I. Herzog : C'est tout à fait tragique et extrêmement pénible, croyez-moi. Aucun d'entre nous n'a voulu ça. Mais voilà l'histoire et le problème. Le gouvernement libanais existe. Est-il exempté de toute responsabilité oui ou non ? Les membres de leur coalition sont-ils en conflit avec le Hezbollah, oui ou non ? Qu'avons nous fait, sinon d'attaquer l'infrastructure qui aide le Hezbollah, comme l'aéroport international, qui est le principal moyen de communication avec l'Iran et Damas ?

 S. Sackur (interrompant) : Laissez-moi vous arrêter. Je soupçonnais que vous alliez dire cela. Je vais continuer avec vous. Il y a d'autres sites que vous avez attaqués. Vous avez bombardé des routes, des ponts, des aérodromes. Hier, vous avez attaqué une usine qui fabrique du papier. Est-ce que tout cela forme l'infrastructure du Hezbollah ?

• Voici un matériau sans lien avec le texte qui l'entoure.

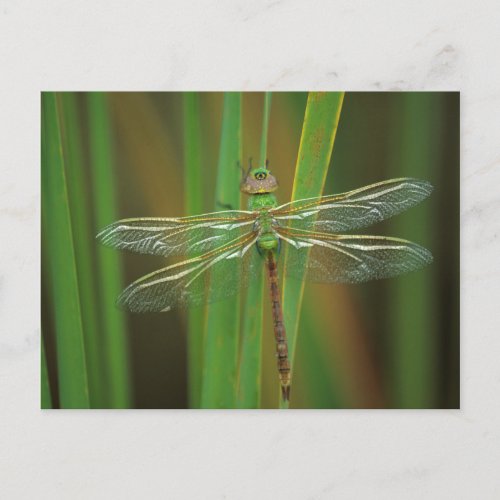 USA Georgia Green darner dragonfly on reeds Postcard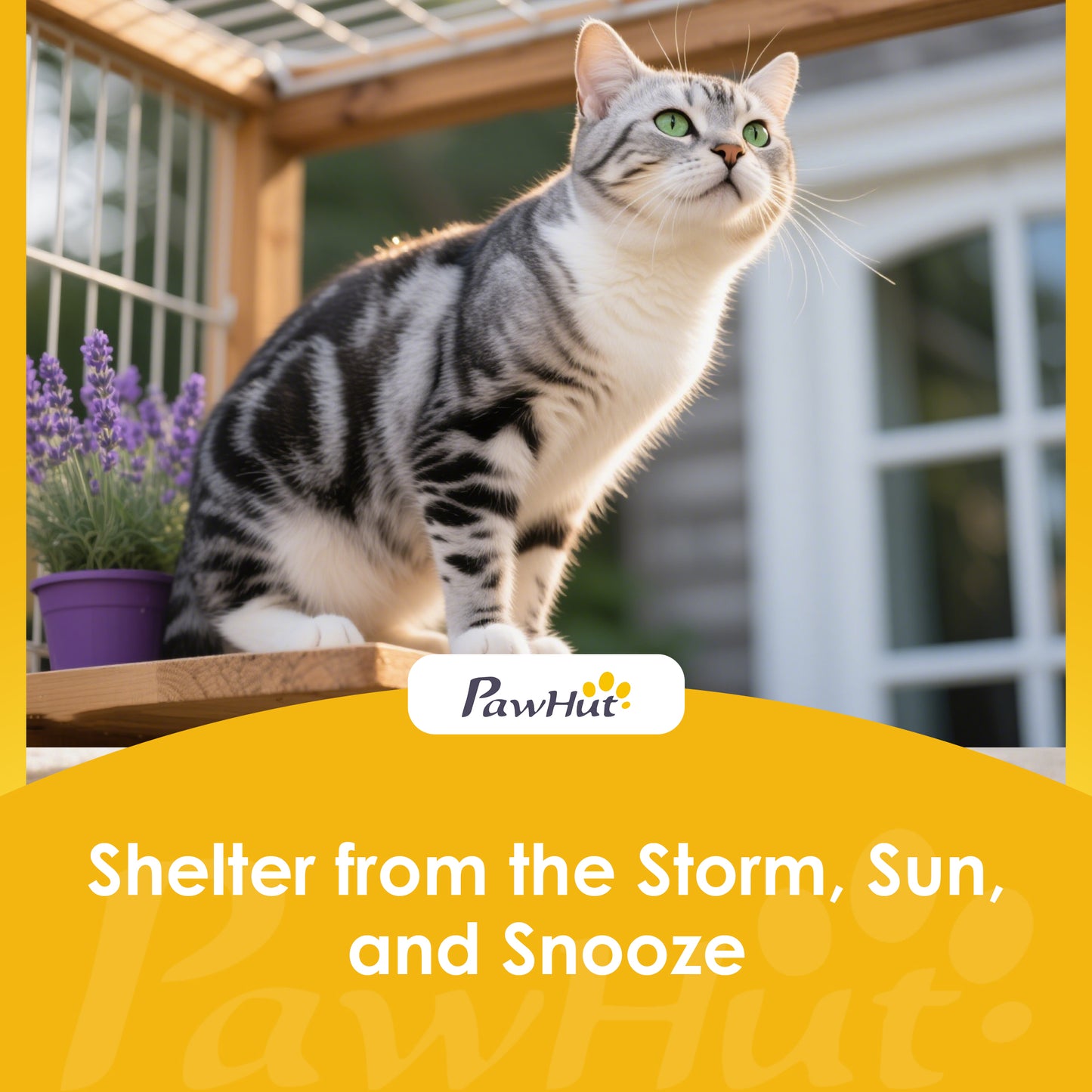 Outdoor Catio Cat House, Movable Wooden Cat Enclosure on Exercise Wheels with Resting Box, 3  Platforms, Large Kitty Cage with Waterproof Asphalt Roof for Outdoor Indoor, for 2 Kittens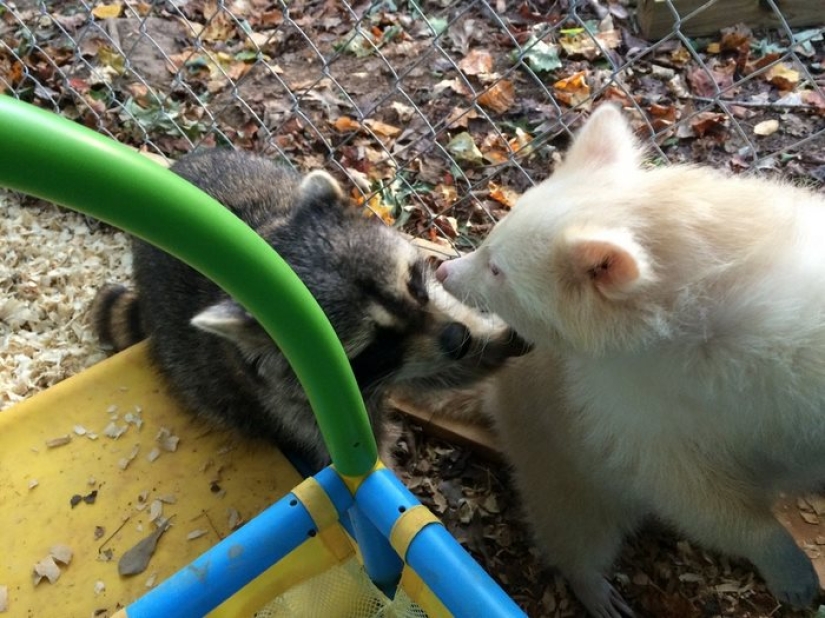 The "aggressive" albino raccoon just can't stop hugging her savior The "aggressive" albino raccoon just can't stop hugging her savior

I. Herzog: Premièrement, nous avons dit que nous prenions pour cibles l'infrastructure utilisée par les camions, les trains (9), les avions, qui peuvent apporter au Hezbollah des chargements de missiles sur le terrain. De fait, aujourd'hui, nous avons tiré contre un convoi de camions transportant des munitions au Hezbollah. Cela aurait être aussi bien une tragique erreur et nous le savons...

 S. Sackur (interrompant) : Vous connaissez les chiffres aussi bien que moi. Vous avez tué plus de deux cents civils libanais jusqu'à aujourd'hui, dont de nombreuses femmes et de nombreux enfants. Vous vous êtes aussi débrouillés pour tuer huit citoyens Canadiens. Est-ce le moyen de mener une campagne ciblée contre le Hezbollah ?

I. Herzog : Je pense que quelques-uns des chiffres sont faussés. Oui, il y a de tragiques événements et nous en sommes désolés. Je peux vous dire que nous donnons des instructions à nos militaires pour qu'au cas du moindre doute concernant la présence d'innocents dans un secteur, ils ne mènent pas une opération (10). Il y a cependant un dilemme essentiel, lié au fait qu'une partie de ces infrastructures sont au sein des habitations, où les citoyens ont accepté d'héberger les munitions. Nous les prévenons à l'avance, les invitant à quitter le voisinage. De fait, dans la banlieue sud de Beyrouth, pas un citoyen n'a été touché après que nous ayons prévenus la population vingt quatre heures avant (11). Nous avons un problème, normalement les organisations terroristes de cette nature essaient d'agir cachées dans la population et, croyez moi, non seulement c'est pénible, mais nous essayons de notre mieux d'éviter que quiconque ne soit touché.

S. Sackur : Laissez-moi vous lire l'article 3 des conventions concernant les crimes de guerre du Tribunal (international) de La Haye. Ce sont ces principes qui sont pris en considération pour les (affaires) de l'ancienne Yougoslavie. C'est spécialement cité et je lis : " la destruction sans motif de villes ou de villages, ou (les) dévastations sans exigences militaires, " je continue, " caractérisent le crime qui peut être sous jacent en cas d'attaque ou de bombardement par quelque moyen que ce soit contre des villes et des villages sans défense, des habitations ou des bâtiments. " Ne vous sentez vous pas mal à l'aise quand je vous lis ça ?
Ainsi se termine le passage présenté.